* _EXERCISE INSTRUCTIONS_
After locating the line that holds "this 600×400 image.", copy that line and all that follow it word for word through the end of the data, with no pictures.

* _EXCERPTED DATA_
------
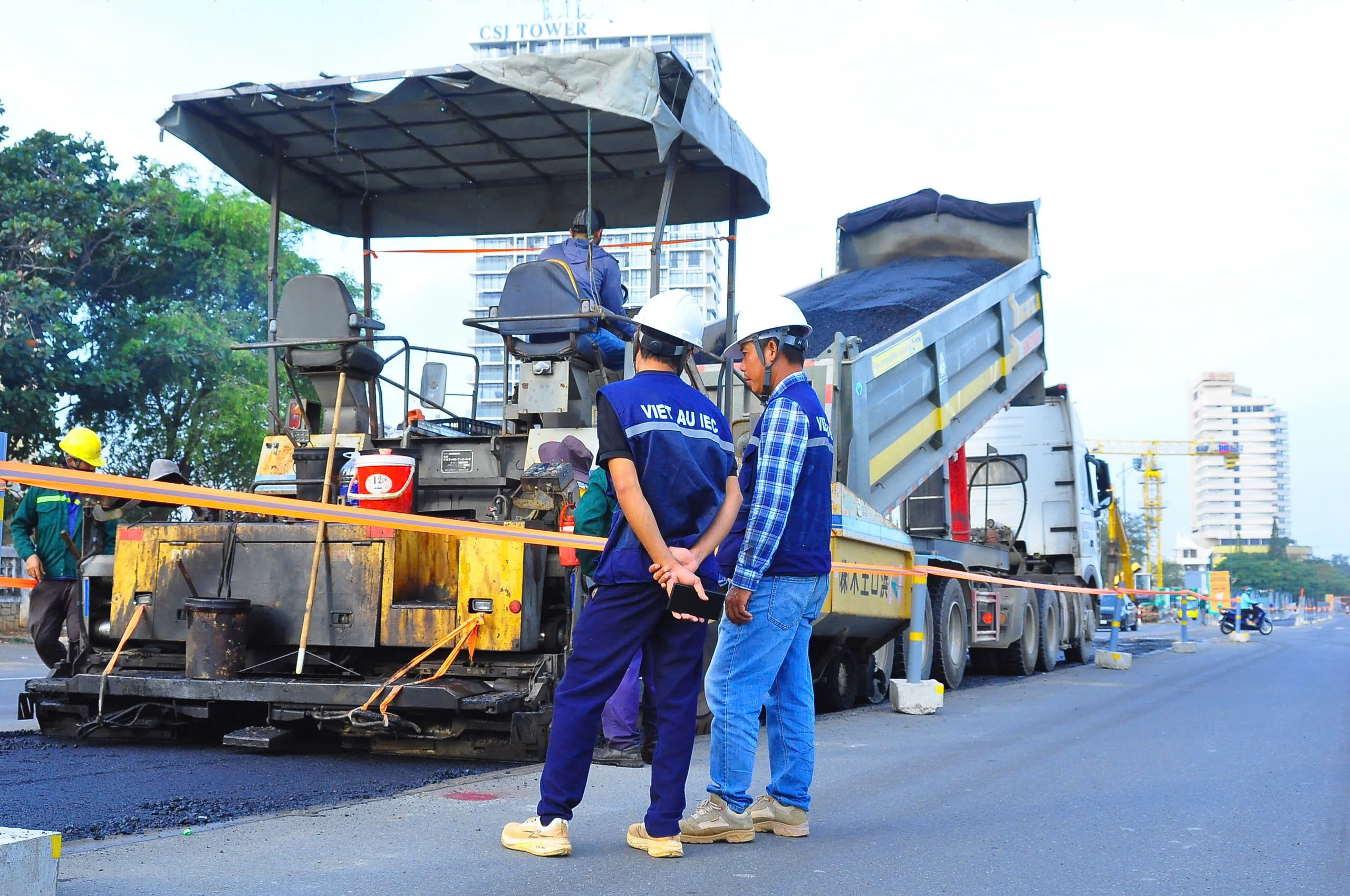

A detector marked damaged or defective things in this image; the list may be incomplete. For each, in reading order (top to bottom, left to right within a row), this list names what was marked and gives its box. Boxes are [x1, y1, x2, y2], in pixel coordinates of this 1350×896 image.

rusty metal bucket [182, 593, 251, 680]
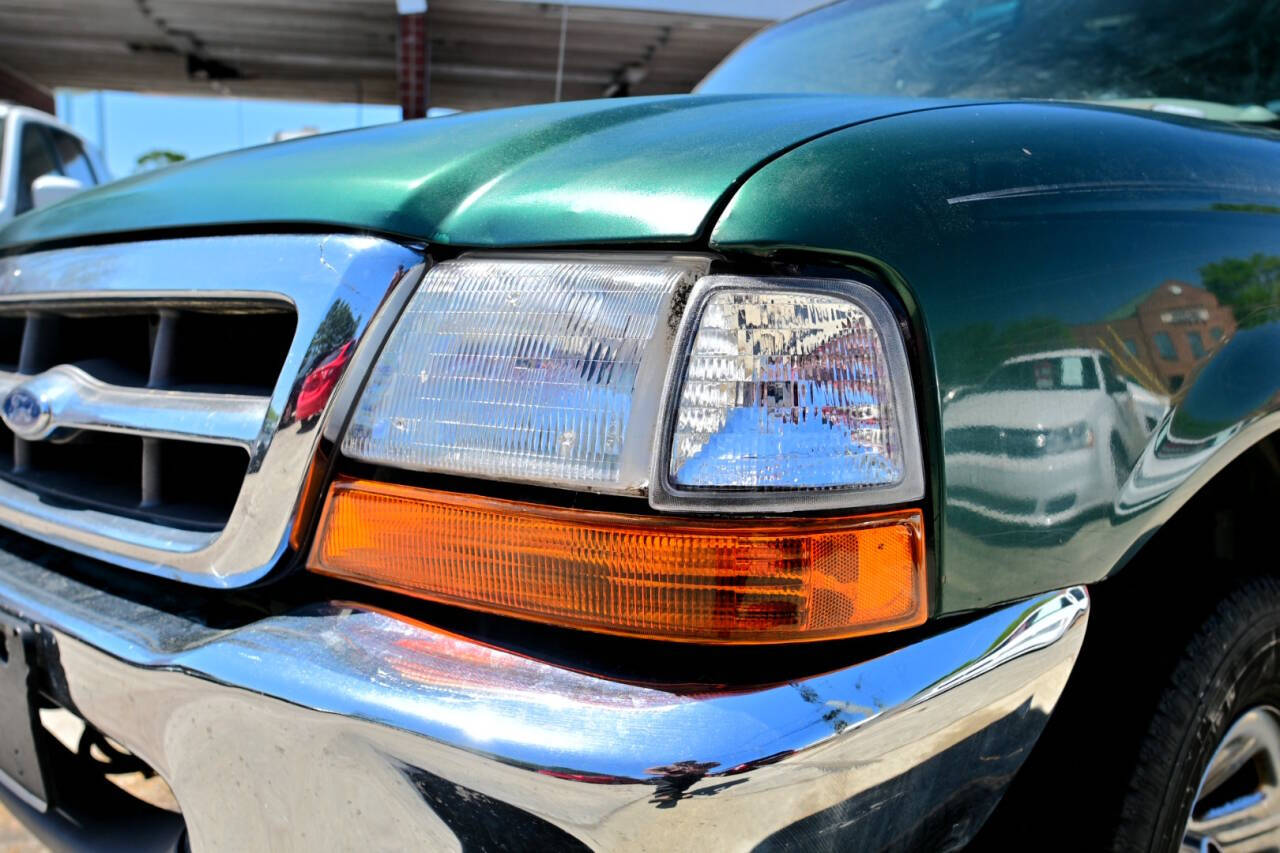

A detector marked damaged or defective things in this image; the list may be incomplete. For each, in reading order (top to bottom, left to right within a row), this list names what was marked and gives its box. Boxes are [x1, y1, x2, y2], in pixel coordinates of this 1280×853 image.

bumper dent [0, 548, 1085, 845]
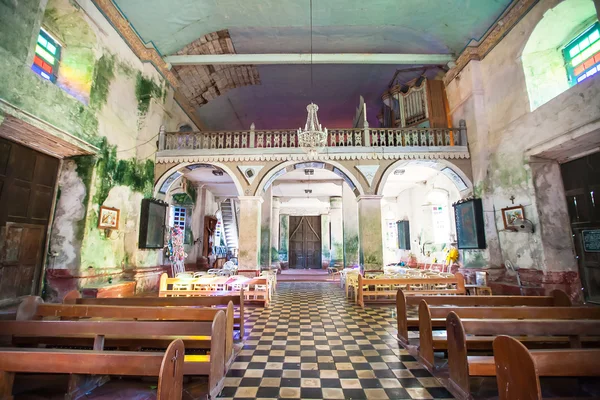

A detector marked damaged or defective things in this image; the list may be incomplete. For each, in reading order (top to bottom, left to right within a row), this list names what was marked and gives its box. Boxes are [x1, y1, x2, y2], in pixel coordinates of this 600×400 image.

peeling plaster wall [0, 0, 195, 298]
peeling plaster wall [442, 0, 596, 286]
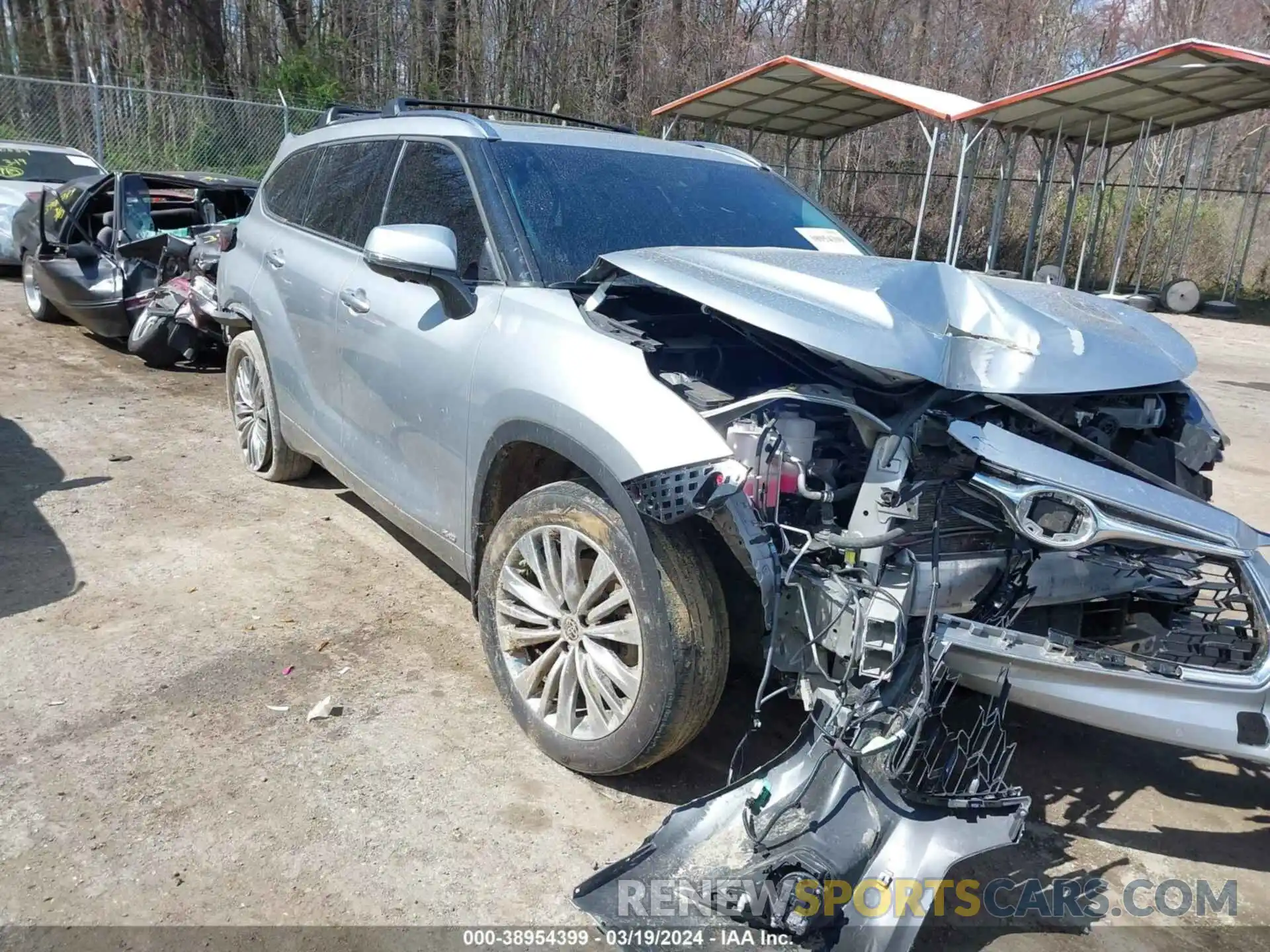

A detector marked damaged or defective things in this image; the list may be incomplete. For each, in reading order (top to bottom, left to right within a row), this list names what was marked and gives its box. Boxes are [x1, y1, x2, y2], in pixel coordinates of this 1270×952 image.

wrecked black sedan [12, 172, 254, 341]
crumpled hood [590, 249, 1196, 394]
front-end collision damage [572, 247, 1265, 952]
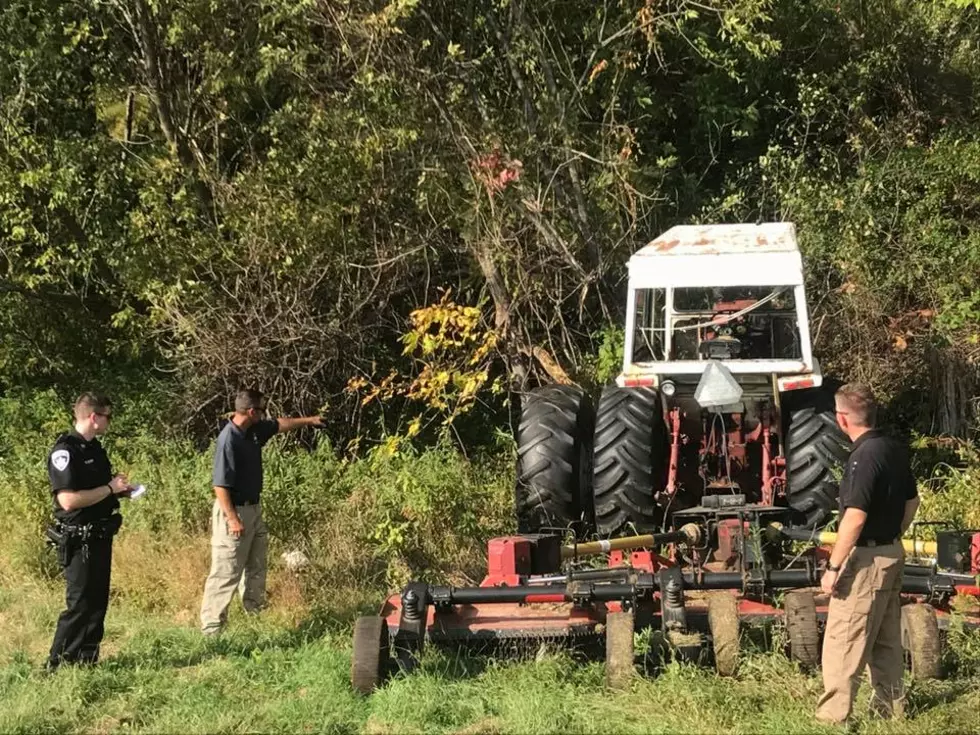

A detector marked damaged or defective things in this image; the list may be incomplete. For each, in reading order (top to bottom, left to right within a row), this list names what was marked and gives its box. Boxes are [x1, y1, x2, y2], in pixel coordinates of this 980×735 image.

rusty tractor roof [632, 224, 800, 258]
------
* _EXERCISE SOLUTION_
A detector marked damaged or defective things in this image; the list may be incomplete. For each, in reading order (top to bottom, left to right within a row), this list names what was marked and gives its box. Boxes are [x1, y1, x2, y2], in pixel coordinates of this 600×400 image.

peeling plaster wall [0, 0, 195, 298]
peeling plaster wall [442, 0, 596, 286]

A detector marked damaged or defective things in this image; the list may be incomplete. For each, in reading order (top to bottom, left to right within a row), this list names what was marked and gives its box. Boxes are [x1, y1, x2, y2], in pixel coordinates of this 1270×952 image.

wrecked black sedan [12, 172, 254, 341]
crumpled hood [590, 249, 1196, 394]
front-end collision damage [572, 247, 1265, 952]

A detector marked damaged or defective things in this image; the list may be incomplete. For each, in reading order (top to bottom, left to right within a row), this list names what was marked and gives its box. Boxes are [x1, y1, x2, y2], in pixel coordinates of this 980×735 image.

rusty tractor roof [632, 224, 800, 258]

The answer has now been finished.